Recensione a

VITTORINO ANDREOLI: Follia e santità.
ISBN 978-88-211-6584-1.
Marietti 1820. Genova, 2005. Pagine 360. € 15.00

 di Francesco D'Alpa

Pubblicato su L'ATEO, numero 4/2014

“Perché mai la santità dovrebbe corrispondere ad un concetto di normalità?” “Perché se una donna è isterica, non può essere santa?”. Sono alcune delle domande sulle quali Andreoli esprime la propria opinione, in questo interessante ma non del tutto condivisibile saggio, che indaga la straordinarietà psichica di alcuni santi (da Francesco d’Assisi a Giuseppe Moscati, da Caterina da Siena a Gemma Galgani). Personalità controverse sulle quali si è abbattuta la critica razionalista, ma che all’opposto (e soprattutto in quanto tali) hanno la massima considerazione nel pantheon cattolico.

La psichiatria più recente ha insistito molto sulla impossibilità e sulla inopportunità di delimitare rigidamente gli ambiti della normalità e della follia; ed ha proposto di accettare come normali, secondo i contesti ed il vissuto, comportamenti e modi di essere che in altri contesti e con altri vissuti esistenziali andrebbero visti come francamente devianti. Ma come applicare ciò alla vita dei santi, e soprattutto di certi santi?

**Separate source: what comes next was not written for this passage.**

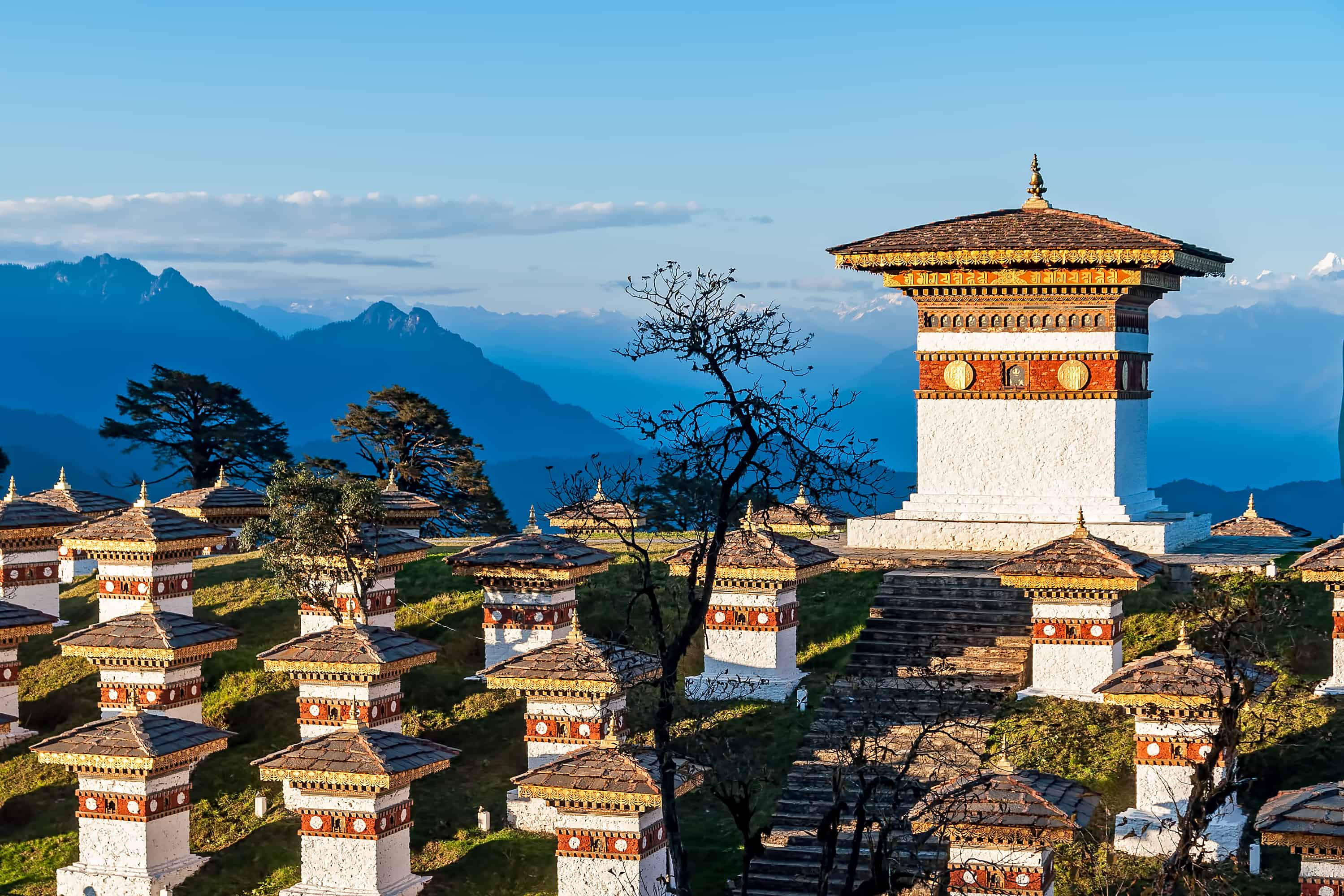 Sunset Dochula Pass Memorial Chortens in Bhutan Sunset Dochula Pass Memorial Chortens in Bhutan with mountains in the background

Andreoli procede sicuro. Innanzitutto ammette, nell’ambito psicologico (in quanto alle esperienze ‘straordinarie’ dei santi) la possibilità di risposte che esulino dall’ambito del naturale, in polemica con la pretesa positivista di rendere ragione di ogni aspetto abnorme della personalità; e su questa linea interpretativa concede alla chiesa una autonomia di giudizio sui ‘miracoli’. In secondo luogo cerca di differenziare, per quanto possibile, ciò che vi è di indiscutibilmente psicopatologico nei santi, da ciò che vi è di peculiarmente ‘santo’, premettendo che “l’essere santo non nega la possibilità di essere uomo e di essere valutato come tale”.

Nel contempo lancia una accusa: la cultura laica nega la santità e ben pochi non credenti se ne occupano.

Dovrebbero occuparsene, invece, perché la follia non può essere letta solo al negativo: ”si può essere santi anche se folli”; l’isteria, in particolare, non è incompatibile con la santità, ed anzi esiste una ‘isteria santa’ contrapposta ad una ‘isteria profana’. E d’altra parte, è stato proprio il cristianesimo ad autodefinirsi in tempi lontani (ma in metafora) una ‘follia’.

A mio avviso l’analisi di Andreoli non ha comunque affrontato (e questo ne costituisce un importante limite) il vero punto chiave: perchè la chiesa ha santificato taluni proprio a motivo di certe manifestazioni dalla loro patologia psichiatria (e non ‘nonostante’ la loro patologia psichiatrica, come vorrebbe Andreoli)? Perché ha messo in primo piano i digiuni (ovvero l’anoressia), le visioni (ovvero le allucinazioni ed i deliri), il furore religioso (ovvero la paranoia a tematica religiosa), e via dicendo?